Activity: Emit a verbatim copy of the lines below from the line with "Predám bicykel Liberty" through the line with "DREAGIN SCHIUMA NATURAL 100ML", excluding pictures and everything outside that range.

Given data:
###

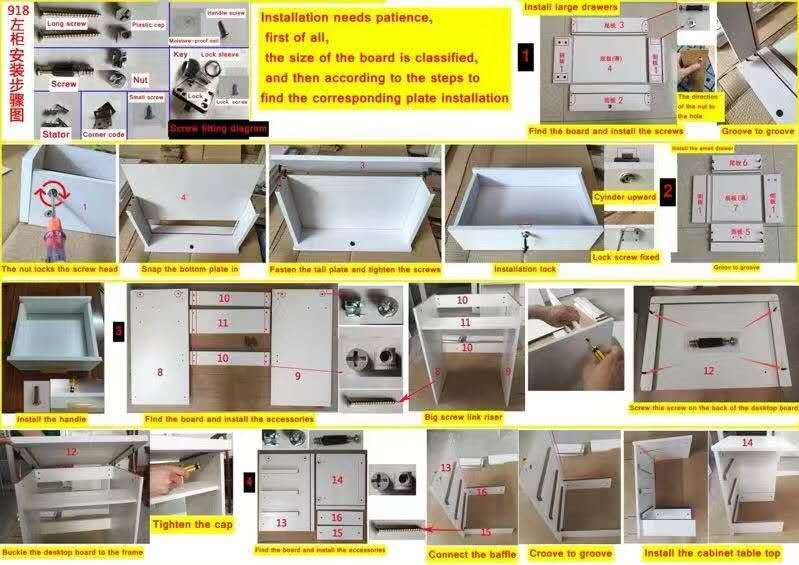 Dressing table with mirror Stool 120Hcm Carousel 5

###

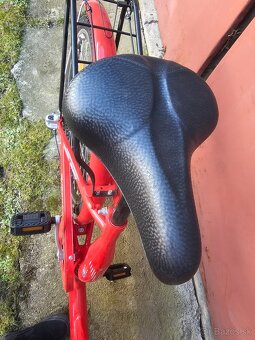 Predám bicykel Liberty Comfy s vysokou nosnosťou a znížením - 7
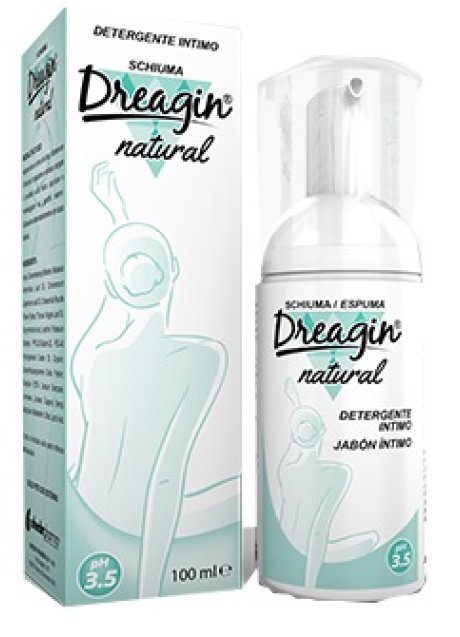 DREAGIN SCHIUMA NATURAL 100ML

###

Written reply:
 Predám bicykel Liberty Comfy s vysokou nosnosťou a znížením - 7
 DREAGIN SCHIUMA NATURAL 100ML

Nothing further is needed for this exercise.